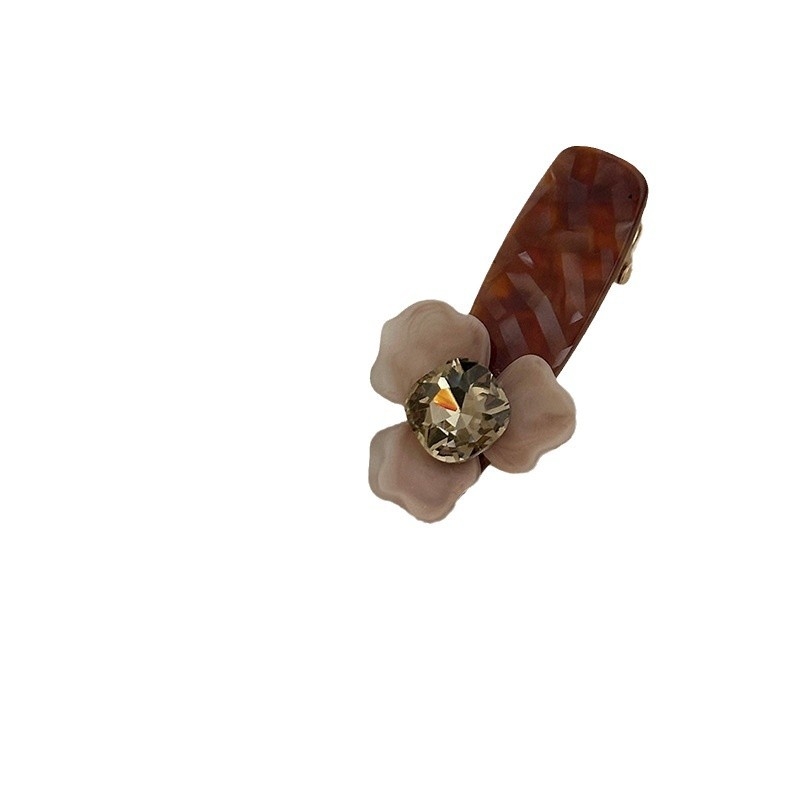 Accesorii pentru păr: clip duckbill cu iris 3D, lucrat manual, materiale mixte, stil coreean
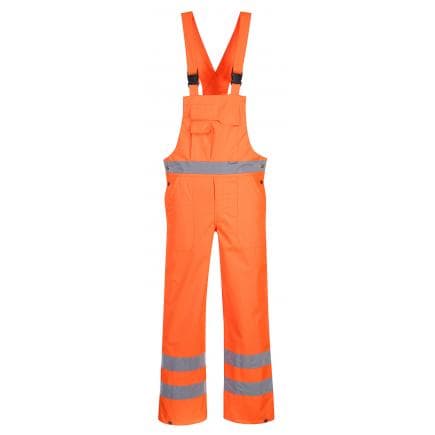 PORTWEST S388ORRXXL - Cotte à bretelles Hi-Vis non doublée, orange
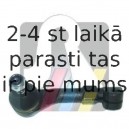 Stūres šķērsstiepņa uzgalis RTS 91-00479-2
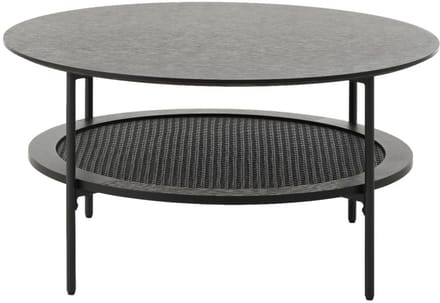 Nordic Home - Meya salontafel Ø80 cm - zwart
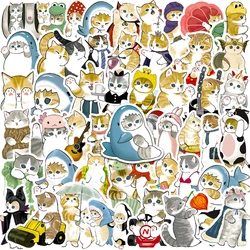 10/30/50pcs Cute Cartoon Cat Graffiti Stickers Funny Animals Kids Sticker Toy Gift DIY Phone Notebook Stationery Graffiti Decals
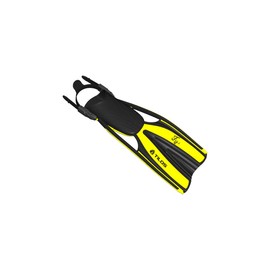 Tilos Fiji Travel Open Heel Fins (Yellow, Large/X-Large)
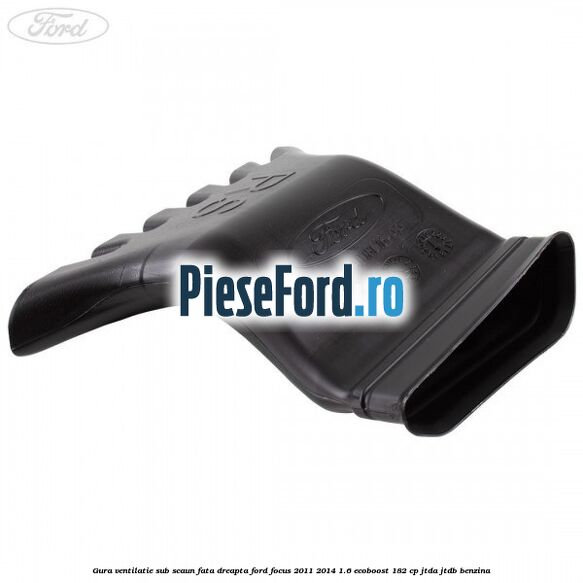 Gura ventilatie sub scaun fata dreapta Ford Focus 2011-2014 1.6 EcoBoost 182 cp JTDA, JTDB benzina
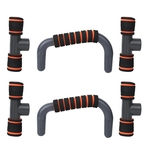 2PCS Orange H Shape Push UP Stands Grip Pushup Support Home Fitness Equipment Indoor Sports Supplies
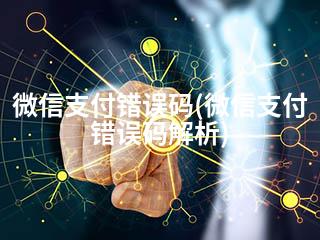 微信支付错误码(微信支付错误码解析)-2345资源网 - 精品建站资源与技术分享平台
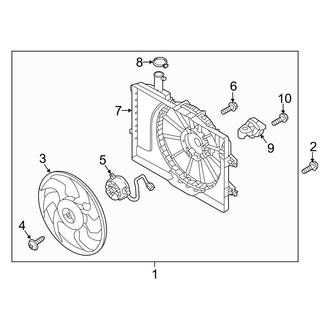 Hyundai OE - Engine Cooling Fan Assembly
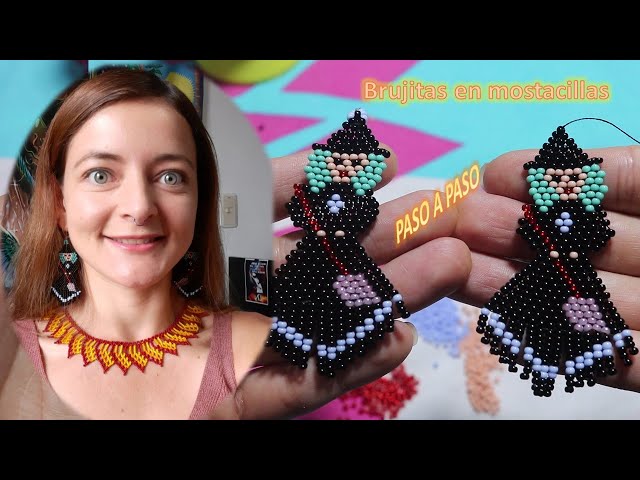 Vídeo relacionado con ASTER ALHELÍ - Pendientes Mujer Aros Chapados en Platino - Colgantes Halloween Bruja en Plata Vieja - Handmade Graciosa Bruja con su Escoba - Pendientes Originales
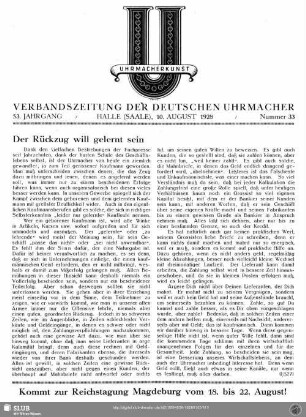 Der Rückzug will gelernt sein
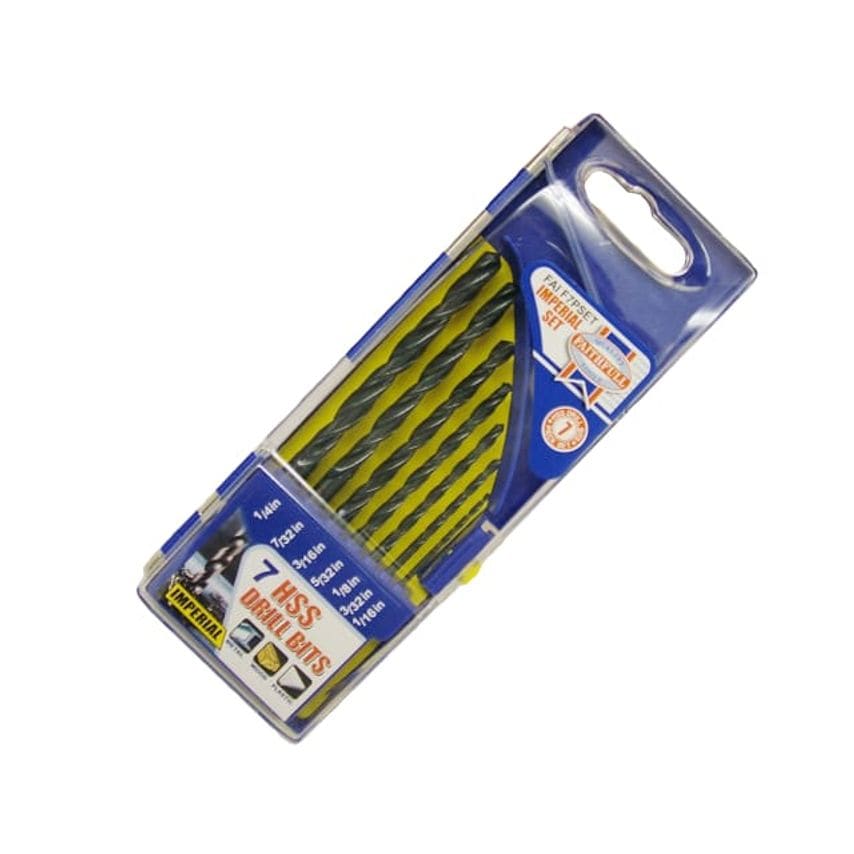 HSS Drill Bit Set of 7 1/16-1/4 x 1/32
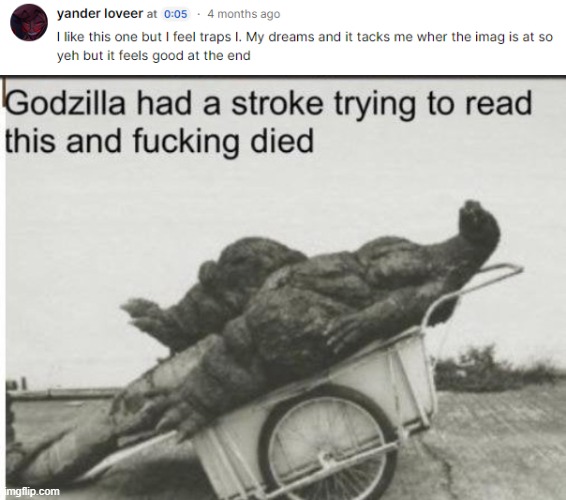 incomprehensible | image tagged in godzilla | made w/ Imgflip meme maker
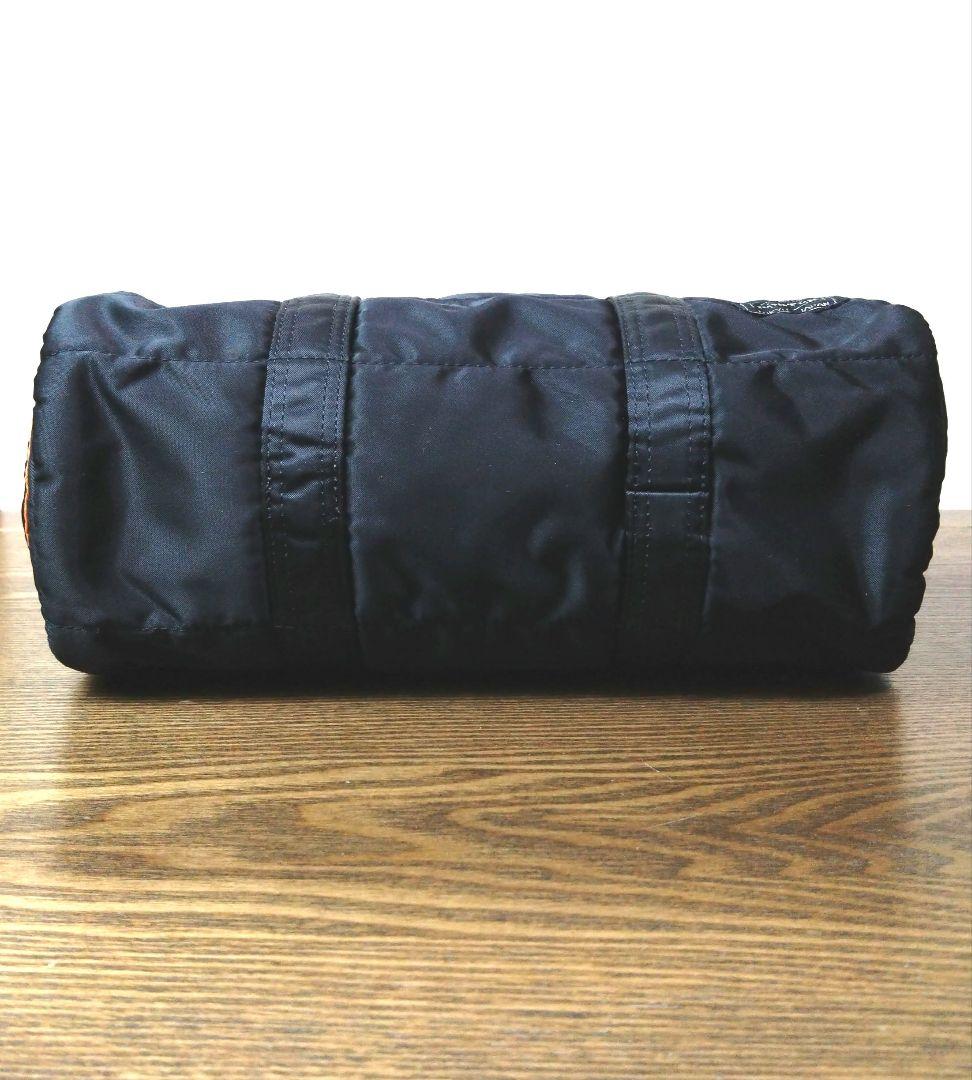 美品未使用級【ポーター】 タンカーミニボストン ドラム ダッフル ブラック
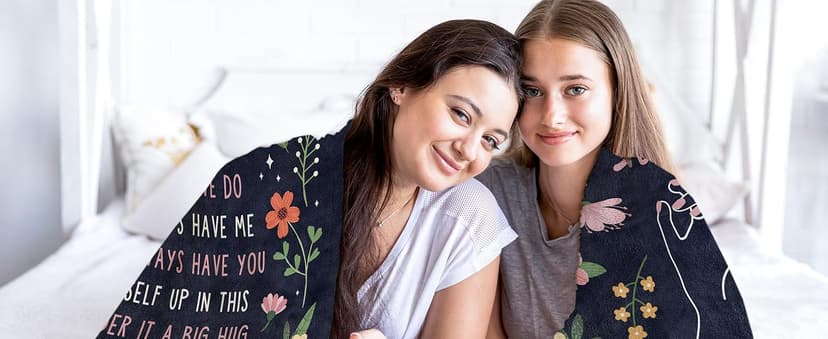 Friendship Gifts for Women, Best Friend Birthday Graduation Gifts for Women, Best Friend Blanket Gift, to My Bestie Throw Blanket for Christmas Mothers Day 60" x 50"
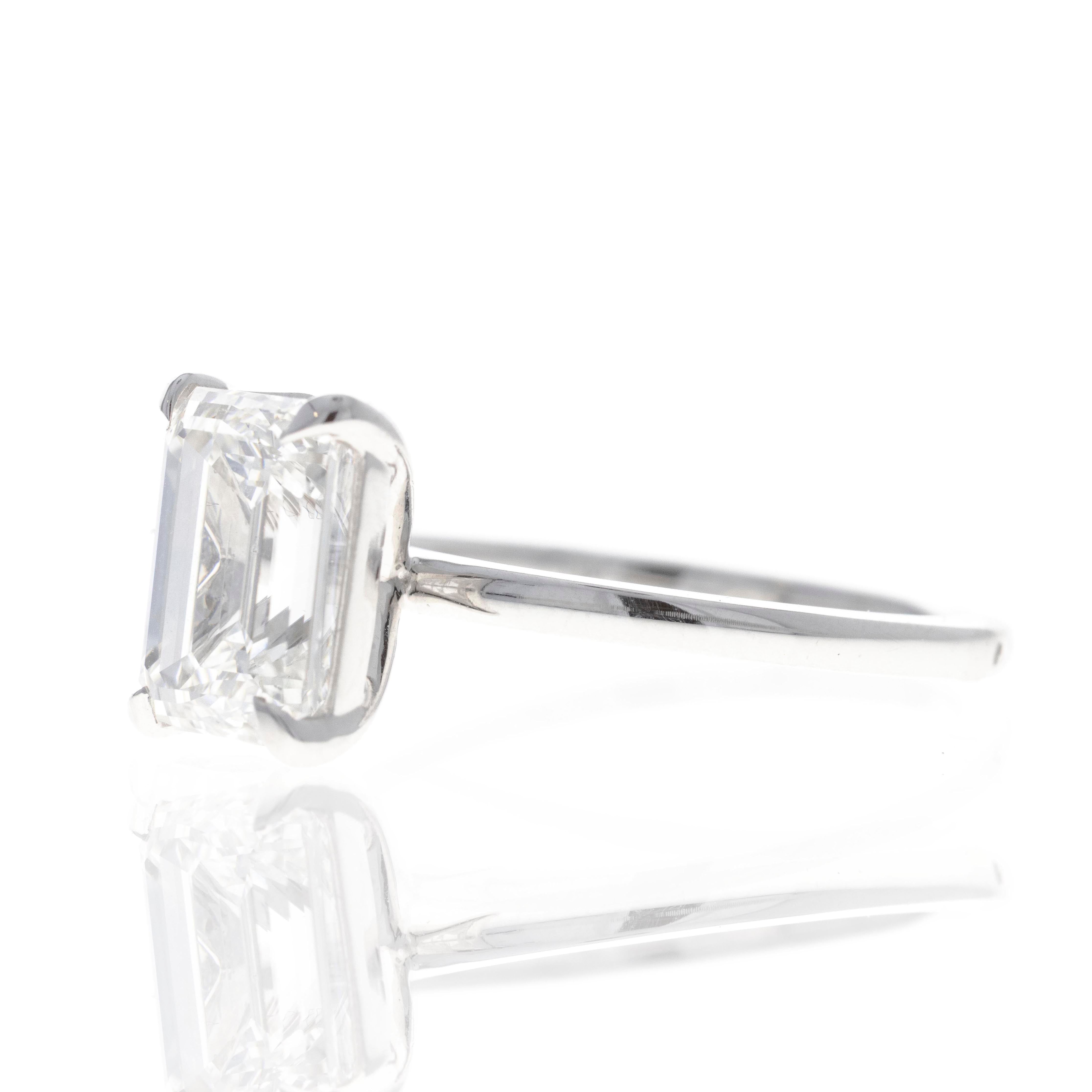 Lab Grown 3 Carat Emerald Diamond Solitaire Engagement Ring - Replica Handbags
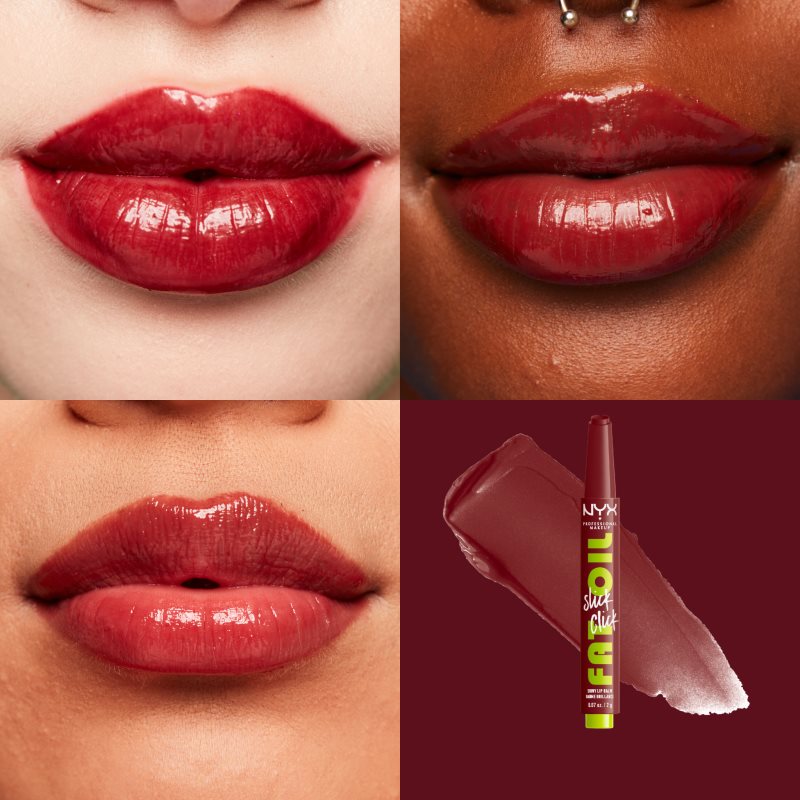 NYX Professional Makeup Fat Oil Slick Click Baume à Lèvres Teinté Teinte 11 In A Mood 2 G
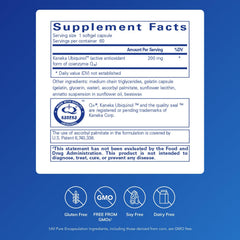 Ubiquinol-qh capsules closeup highlighting the active CoQ10 form and energy support.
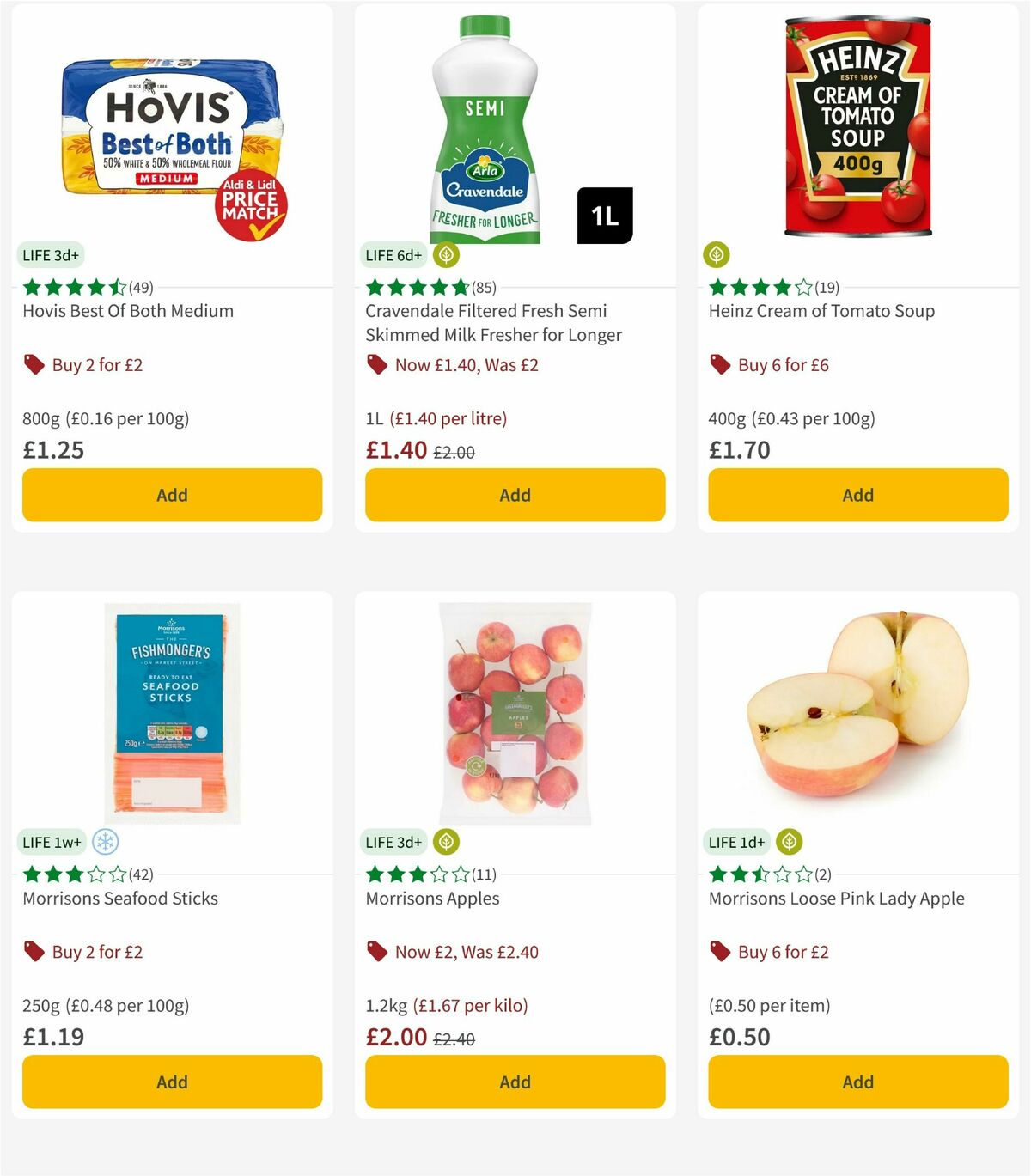 Morrisons Offers from 8 April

______________________________

[WHAT NEEDS TO BE DONE]: Write out the data word for word. Any picture is to be skipped.

[OUTPUT FOR THIS EXERCISE]:
 Accesorii pentru păr: clip duckbill cu iris 3D, lucrat manual, materiale mixte, stil coreean
 PORTWEST S388ORRXXL - Cotte à bretelles Hi-Vis non doublée, orange
 Stūres šķērsstiepņa uzgalis RTS 91-00479-2
 Nordic Home - Meya salontafel Ø80 cm - zwart
 10/30/50pcs Cute Cartoon Cat Graffiti Stickers Funny Animals Kids Sticker Toy Gift DIY Phone Notebook Stationery Graffiti Decals
 Tilos Fiji Travel Open Heel Fins (Yellow, Large/X-Large)
 Gura ventilatie sub scaun fata dreapta Ford Focus 2011-2014 1.6 EcoBoost 182 cp JTDA, JTDB benzina
 2PCS Orange H Shape Push UP Stands Grip Pushup Support Home Fitness Equipment Indoor Sports Supplies
 微信支付错误码(微信支付错误码解析)-2345资源网 - 精品建站资源与技术分享平台
 Hyundai OE - Engine Cooling Fan Assembly
 Vídeo relacionado con ASTER ALHELÍ - Pendientes Mujer Aros Chapados en Platino - Colgantes Halloween Bruja en Plata Vieja - Handmade Graciosa Bruja con su Escoba - Pendientes Originales
 Der Rückzug will gelernt sein
 HSS Drill Bit Set of 7 1/16-1/4 x 1/32
 incomprehensible | image tagged in godzilla | made w/ Imgflip meme maker
 美品未使用級【ポーター】 タンカーミニボストン ドラム ダッフル ブラック
 Friendship Gifts for Women, Best Friend Birthday Graduation Gifts for Women, Best Friend Blanket Gift, to My Bestie Throw Blanket for Christmas Mothers Day 60" x 50"
 Lab Grown 3 Carat Emerald Diamond Solitaire Engagement Ring - Replica Handbags
 NYX Professional Makeup Fat Oil Slick Click Baume à Lèvres Teinté Teinte 11 In A Mood 2 G
 Ubiquinol-qh capsules closeup highlighting the active CoQ10 form and energy support.
 Morrisons Offers from 8 April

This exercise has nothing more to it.